Trope-a-Day: Ungovernable Galaxy

Ungovernable Galaxy: A reflection of the truth, long before you get to the size of an entire galaxy, at least when you’re talking about centralizing-hierarchist structures. As they scale up, they start bottlenecking horribly – there’s a reason why most growth patterns matching this structure stall out well before they get to 100 systems.  Hell, a large subset of them crash and burn before they reach one planet.

(The exception that proves the rule is the Voniensa Republic, which claims 8,000 systems – but then, not all of those 8,000 are technically “its”, and the Shell is different from the Core, and so forth. That said, they are perhaps the acknowledged masters of making centralizing-hierarchist structures work on this scale, inefficient and kludgy though they are; just because they insist on being primitives doesn’t mean they’re stupid.)

As for the Empire? It was pursuing alternative approaches long before it hit the one-planet level. If you look over here, you’ll see this:

Peter B. Evans uses Williamson’s control loss model to show that higher efficiencies are possible when the Emperor switches to “multiple hierarchy” systems, such as the dual hierarchy. If the Emperor creates a complete second command hierarchy in parallel with the first, his effectiveness rises by nearly two-thirds. The superiority of dual hierarchies is well-known in business (line-and-staff) and in public administration (especially Communist bureaucracies). Lattice structure systems are a more sophisticated form, involving a complete lattice of hierarchial links providing a startling multiplicity of pathways to the top. Such novel system my not encourage galactic stability, but the opportunities for palace intrigue are legion!

Now, what’s the limiting case of a lattice-structure system?

The adhocracy.

That’s the strategy the Empire is pursuing – a radically decentralized system, with tremendous local autonomy handed out at each level, based around Symbol, Meme, and Mesh.

You’ve got a nice spectacular center – the Imperial Couple, the Senate, the Curia – who do serve a key function as deciders-of-last-resort, but who work very hard to avoid decisions having to reach their level, and whose main function, along with the trappings of office and capital, is to be the Symbol, the gravity well around which all else orbits.

You have the Meme, the idea of empire, the dream that is Rome, the ideology that guides policy. Which works much better as a control mechanism because it doesn’t need a center. Memes replicate. It’s what they do. There is a minor centralizing element inasmuch as the Meme must be tended, mutations pruned, and so forth, but that itself can be distributed.

And you have the Mesh. Not a single, massive, centralized hierarchy, but a whole team of organizations flying in close formation, orbiting the same point but not directly controlled by it, with each one – like flocking birds – correcting and corrected by the others near it. Exchanging information – flowing in to the center, back out to the edge, and around peripheral routes.
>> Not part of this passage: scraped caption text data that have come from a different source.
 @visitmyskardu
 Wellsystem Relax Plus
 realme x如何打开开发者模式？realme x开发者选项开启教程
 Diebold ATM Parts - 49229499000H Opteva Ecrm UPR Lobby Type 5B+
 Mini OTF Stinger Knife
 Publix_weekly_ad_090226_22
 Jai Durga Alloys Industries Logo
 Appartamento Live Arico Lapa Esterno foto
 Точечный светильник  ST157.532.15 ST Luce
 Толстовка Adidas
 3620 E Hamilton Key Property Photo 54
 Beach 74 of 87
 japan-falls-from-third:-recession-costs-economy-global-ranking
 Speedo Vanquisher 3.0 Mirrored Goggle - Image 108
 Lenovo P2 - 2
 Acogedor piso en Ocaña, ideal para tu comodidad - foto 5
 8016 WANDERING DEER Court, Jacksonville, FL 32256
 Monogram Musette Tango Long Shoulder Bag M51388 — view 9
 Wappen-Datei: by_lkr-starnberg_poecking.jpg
Local nodes of distributed AI systems make decisions based on local knowledge but following shared ideas, creating global coordination without need for centralization. Everything is disseminated everywhere.  Everything checks everything else.

Will it scale to an entire galaxy?

We’ll see.


Trope-a-Day: Obstructive Bureaucrat

Obstructive Bureaucrat: Somewhat averted to begin with; a lot of what makes bureaucrats characteristically bureaucrats is that they’re supposed to operate in a manner practically void of discretion, as good little cogs executing according to the procedure manual and not much more.

The Empire never had the population demographics that it could afford to either waste people as cogs, or support minds that were only capable of being cogs.  Their bureaucrats, governmental or corporate or other, were generally handed tremendous discretion and expected to actually use it, with initiative, to make things work.  Whether it’s that directly, or just that that element made the job rather less soul-destroying…

Later entirely averted with the advent of cybermagistry, in which the artificial intelligences that replaced sophonts in all the pure-bureaucratic jobs couldn’t be obstructive, on account of not possessing the necessary precursors to forming a motivation to be obstructive.  A non-sophont machine can only do what it’s built to do, but does that very well and effectively.

(Except, of course, when obstructionism is needed.  Both Harmonious Serenity and State & Outlands have several offices which specialize in obstruction, obfuscation, and time-wasting… for dealing with those certain petitions and petitioners coming in from outside where the public interest demands that they be bored into submission, or at least into going away and quietly dropping the matter.)